■ **What needs to be done**:
Every entry below needs to be copied exactly.

■ **Dataset excerpts**:
- - - - - - -

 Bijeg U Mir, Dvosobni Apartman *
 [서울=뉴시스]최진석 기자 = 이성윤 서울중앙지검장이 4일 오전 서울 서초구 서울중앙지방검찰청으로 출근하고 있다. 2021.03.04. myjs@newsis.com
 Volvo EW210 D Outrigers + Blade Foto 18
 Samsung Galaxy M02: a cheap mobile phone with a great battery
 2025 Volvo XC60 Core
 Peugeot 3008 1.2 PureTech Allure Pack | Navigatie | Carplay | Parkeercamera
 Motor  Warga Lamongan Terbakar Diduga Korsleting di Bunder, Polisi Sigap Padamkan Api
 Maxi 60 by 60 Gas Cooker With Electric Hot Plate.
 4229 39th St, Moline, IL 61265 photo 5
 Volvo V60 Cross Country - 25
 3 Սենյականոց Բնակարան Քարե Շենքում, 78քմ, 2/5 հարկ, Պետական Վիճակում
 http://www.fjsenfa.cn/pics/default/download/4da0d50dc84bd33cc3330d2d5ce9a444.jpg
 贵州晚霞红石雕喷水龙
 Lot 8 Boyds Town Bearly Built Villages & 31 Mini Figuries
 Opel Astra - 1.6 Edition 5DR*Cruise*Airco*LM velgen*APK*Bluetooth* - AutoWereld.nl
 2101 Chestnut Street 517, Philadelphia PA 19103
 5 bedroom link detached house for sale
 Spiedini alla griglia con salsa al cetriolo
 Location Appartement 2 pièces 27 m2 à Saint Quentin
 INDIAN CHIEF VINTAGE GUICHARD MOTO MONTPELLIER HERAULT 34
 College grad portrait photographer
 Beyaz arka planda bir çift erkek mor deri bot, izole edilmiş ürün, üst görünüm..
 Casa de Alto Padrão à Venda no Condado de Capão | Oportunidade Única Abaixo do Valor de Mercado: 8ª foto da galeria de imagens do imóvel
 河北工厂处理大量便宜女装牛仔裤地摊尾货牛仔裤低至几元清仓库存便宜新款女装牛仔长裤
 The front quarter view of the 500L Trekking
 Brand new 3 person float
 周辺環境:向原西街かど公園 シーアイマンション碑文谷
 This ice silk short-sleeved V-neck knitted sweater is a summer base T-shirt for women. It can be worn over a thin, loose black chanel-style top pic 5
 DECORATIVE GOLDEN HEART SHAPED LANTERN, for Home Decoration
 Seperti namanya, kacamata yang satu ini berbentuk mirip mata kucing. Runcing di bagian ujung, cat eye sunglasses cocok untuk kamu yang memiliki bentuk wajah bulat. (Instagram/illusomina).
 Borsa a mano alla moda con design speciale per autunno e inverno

- - - - - - -

■ **Result of this task**:
 Bijeg U Mir, Dvosobni Apartman *
 [서울=뉴시스]최진석 기자 = 이성윤 서울중앙지검장이 4일 오전 서울 서초구 서울중앙지방검찰청으로 출근하고 있다. 2021.03.04. myjs@newsis.com
 Volvo EW210 D Outrigers + Blade Foto 18
 Samsung Galaxy M02: a cheap mobile phone with a great battery
 2025 Volvo XC60 Core
 Peugeot 3008 1.2 PureTech Allure Pack | Navigatie | Carplay | Parkeercamera
 Motor  Warga Lamongan Terbakar Diduga Korsleting di Bunder, Polisi Sigap Padamkan Api
 Maxi 60 by 60 Gas Cooker With Electric Hot Plate.
 4229 39th St, Moline, IL 61265 photo 5
 Volvo V60 Cross Country - 25
 3 Սենյականոց Բնակարան Քարե Շենքում, 78քմ, 2/5 հարկ, Պետական Վիճակում
 http://www.fjsenfa.cn/pics/default/download/4da0d50dc84bd33cc3330d2d5ce9a444.jpg
 贵州晚霞红石雕喷水龙
 Lot 8 Boyds Town Bearly Built Villages & 31 Mini Figuries
 Opel Astra - 1.6 Edition 5DR*Cruise*Airco*LM velgen*APK*Bluetooth* - AutoWereld.nl
 2101 Chestnut Street 517, Philadelphia PA 19103
 5 bedroom link detached house for sale
 Spiedini alla griglia con salsa al cetriolo
 Location Appartement 2 pièces 27 m2 à Saint Quentin
 INDIAN CHIEF VINTAGE GUICHARD MOTO MONTPELLIER HERAULT 34
 College grad portrait photographer
 Beyaz arka planda bir çift erkek mor deri bot, izole edilmiş ürün, üst görünüm..
 Casa de Alto Padrão à Venda no Condado de Capão | Oportunidade Única Abaixo do Valor de Mercado: 8ª foto da galeria de imagens do imóvel
 河北工厂处理大量便宜女装牛仔裤地摊尾货牛仔裤低至几元清仓库存便宜新款女装牛仔长裤
 The front quarter view of the 500L Trekking
 Brand new 3 person float
 周辺環境:向原西街かど公園 シーアイマンション碑文谷
 This ice silk short-sleeved V-neck knitted sweater is a summer base T-shirt for women. It can be worn over a thin, loose black chanel-style top pic 5
 DECORATIVE GOLDEN HEART SHAPED LANTERN, for Home Decoration
 Seperti namanya, kacamata yang satu ini berbentuk mirip mata kucing. Runcing di bagian ujung, cat eye sunglasses cocok untuk kamu yang memiliki bentuk wajah bulat. (Instagram/illusomina).
 Borsa a mano alla moda con design speciale per autunno e inverno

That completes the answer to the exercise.